А хтонь, которую описывал Сорокин, как подтвердил сам писатель, никуда не девалась и продолжает находиться от нас на расстоянии вытянутой руки. В России всегда было очень много дичи, и для того, чтобы напитаться от нее вдохновением, не требуется прилагать каких-то специальных усилий. В шестидесятые годы Юрий Мамлеев, например, специально для этого по ночам любил захаживать на площадь трех вокзалов.
Сегодняшние исследователи глубинной России могут повторить этот трюк, или попробовать найти другие места с такой же концетрацией хтони в воздухе, ведь ни одного большого романа, который описывал бы современную российскую действительность, до сих пор не написано. Сорокин связывает это с тем, что для него еще не появилось языка, и тем, что происходящее сейчас не помещается в линейное повествование. Для того, чтобы такой роман появился, должно пройти время или произойти какой-то радикальный сдвиг реальности. В конце концов, «Война и мир» была написана только через 50 лет после войны 1812 года. Может быть, и сейчас нам придется подождать несколько десятилетий для того, чтобы появился роман, в пространстве которого воплотится вся сегодняшняя Россия, а может быть, это произойдет и раньше, ведь реальность сейчас меняется очень быстро.
Как создавалась «Норма»
«Выйдя из лагеря в 1984 году, эта сволочь опять засела за книги».
Владимир Сорокин, «Норма»
Владимир Сорокин рассказал, что начал заниматься литературой в 1979–80-м годах, тогда и были написаны первые части «Нормы». Первыми появились так называемые стихи и песни.

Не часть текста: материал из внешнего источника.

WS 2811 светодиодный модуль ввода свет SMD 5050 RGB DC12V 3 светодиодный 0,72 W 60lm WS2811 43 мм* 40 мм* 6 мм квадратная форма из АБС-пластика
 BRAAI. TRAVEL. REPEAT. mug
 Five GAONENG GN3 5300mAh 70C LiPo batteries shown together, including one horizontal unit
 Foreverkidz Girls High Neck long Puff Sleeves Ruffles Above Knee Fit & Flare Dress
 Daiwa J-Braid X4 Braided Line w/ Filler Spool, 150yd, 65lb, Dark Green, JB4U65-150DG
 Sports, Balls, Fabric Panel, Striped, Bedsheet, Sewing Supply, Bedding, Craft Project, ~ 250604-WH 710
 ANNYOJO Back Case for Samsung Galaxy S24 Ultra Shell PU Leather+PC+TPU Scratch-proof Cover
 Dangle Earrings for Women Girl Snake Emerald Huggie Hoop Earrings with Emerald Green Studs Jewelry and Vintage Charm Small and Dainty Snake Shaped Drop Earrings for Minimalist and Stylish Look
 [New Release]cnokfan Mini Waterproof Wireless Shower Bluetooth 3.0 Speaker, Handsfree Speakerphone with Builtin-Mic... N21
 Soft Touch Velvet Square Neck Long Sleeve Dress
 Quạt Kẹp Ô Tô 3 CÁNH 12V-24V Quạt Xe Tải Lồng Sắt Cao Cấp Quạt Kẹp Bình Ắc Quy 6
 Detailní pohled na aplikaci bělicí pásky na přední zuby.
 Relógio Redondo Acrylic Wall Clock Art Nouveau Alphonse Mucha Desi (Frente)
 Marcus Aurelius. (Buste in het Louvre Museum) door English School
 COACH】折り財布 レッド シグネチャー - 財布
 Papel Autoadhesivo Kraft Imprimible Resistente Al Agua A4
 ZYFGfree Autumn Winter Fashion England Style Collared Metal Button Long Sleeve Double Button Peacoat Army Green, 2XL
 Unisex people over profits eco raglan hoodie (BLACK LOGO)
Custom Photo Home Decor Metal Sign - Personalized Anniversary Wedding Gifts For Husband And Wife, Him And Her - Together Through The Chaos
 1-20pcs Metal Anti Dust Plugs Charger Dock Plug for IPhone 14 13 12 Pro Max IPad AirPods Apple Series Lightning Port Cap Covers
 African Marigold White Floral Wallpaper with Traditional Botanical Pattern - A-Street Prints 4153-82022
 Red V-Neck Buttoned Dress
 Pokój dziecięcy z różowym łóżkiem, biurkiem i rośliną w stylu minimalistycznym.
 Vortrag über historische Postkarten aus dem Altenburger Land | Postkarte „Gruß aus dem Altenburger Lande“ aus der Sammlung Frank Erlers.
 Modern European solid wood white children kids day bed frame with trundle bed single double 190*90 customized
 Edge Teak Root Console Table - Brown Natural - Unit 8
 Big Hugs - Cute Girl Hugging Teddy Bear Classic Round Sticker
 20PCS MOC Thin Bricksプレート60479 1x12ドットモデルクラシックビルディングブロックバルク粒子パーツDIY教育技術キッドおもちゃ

Сорокин: Седьмая часть, где я использовал советскую поэзию, создавалась на материале поэзии разного уровня — от вершин до безымянных графоманов, печатавшихся в газетах «Вечерняя Москва» и «Московская правда», которые выписывали мои родители. Мне казалось, что эта плакатность, эти плоские герои, сошедшие со сталинских плакатов, все-таки могли раскрыться по-новому и стать тем, кем они, собственно, родились. Монстрами. Я выпустил их на свободу из этого жанра.
После этого Сорокин начинает писать как отдельную повесть текст под названием «Падеж» — это была работа со стилем сурового деревенского соцреализма. В «Падеже», включенном позднее как фрагмент в «Норму», секретарь райкома и чекист приезжают с инспекцией в некий советский колхоз и подвергают его председателя, виновного в падеже скота, жестоким издевательствам и унижениям, одновременно разрушая колхозное имущество. Вскоре обнаруживается, что в качестве скота на этой ферме использовались люди, которых называли пораженцами и вредителями.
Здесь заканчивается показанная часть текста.